Doze anos após a partida da protagonista, primeiramente, com seus pais para o Canadá e depois para os EUA, eles se reencontram por uma rede social e aquele passado nunca esquecido é revisitado.
Em determinado momento da trama Nora decide interromper o contato com Hae Sung, temendo que o envolvimento deles atrapalhe sua carreira. Logo em seguida, em uma residência artística ela conhece Arthur, personagem interpretado pelo também excelente, John Magaro. Eles namoram e acabam antecipando o casamento para que ela obtenha o green card.
Mais doze anos se passam e o casal se reencontra em Nova Iorque, daí em diante o filme ganha ainda mais em densidade e sutileza, com a câmera os acompanhando de longe e quase sempre com os dois enquadrados em planos separados, denotando com isso a impossibilidade de um relacionamento, mesmo havendo uma profunda conexão entre eles. O distanciamento não é apenas geográfico e como na bela canção de Ivan Lins e Vitor Martins, Lembra de mim, ” perto daqui, mas tarde demais”. O tempo passou eles trilharam outros caminhos e mesmo conectados, parece que não há mais tempo para uma reaproximação, pelo menos nesta vida.
Ao fazermos nossas escolhas, lá na frente não será mais possível saber se elas foram as certas ou não, pois não podemos voltar no tempo e alterá-las.
A cena final, primeiro no restaurante quando o casal conversa em coreano, com o marido de Nora ouvindo, não entendendo e não interferindo, é magnífica e depois, enquanto Hae espera um Uber é de uma beleza poucas vezes vista no cinema.
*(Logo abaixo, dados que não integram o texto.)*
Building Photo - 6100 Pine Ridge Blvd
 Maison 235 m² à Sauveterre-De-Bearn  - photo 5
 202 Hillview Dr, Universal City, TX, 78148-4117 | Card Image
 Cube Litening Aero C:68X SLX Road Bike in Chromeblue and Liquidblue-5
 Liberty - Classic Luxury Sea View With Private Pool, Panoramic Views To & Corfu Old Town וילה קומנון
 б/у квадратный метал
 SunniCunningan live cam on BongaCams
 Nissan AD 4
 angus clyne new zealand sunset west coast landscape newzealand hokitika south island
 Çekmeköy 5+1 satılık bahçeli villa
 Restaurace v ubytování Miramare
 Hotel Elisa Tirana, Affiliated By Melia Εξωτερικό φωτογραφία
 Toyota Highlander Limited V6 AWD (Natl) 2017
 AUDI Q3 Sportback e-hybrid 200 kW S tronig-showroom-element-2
A música de Stevie Wonder, All in loves fair, nos diz que no amor tudo é possível, nem sempre é assim, pois algumas de nossas decisões e escolhas podem ser irrevogáveis. O tempo terá passado e dificilmente, ou quase nunca, seremos os mesmos, embora certas lembranças nos acompanhem por toda vida.
Vidas passadas não é apenas imperdível, é memorável e é dessas lembranças que nos acompanham eternamente.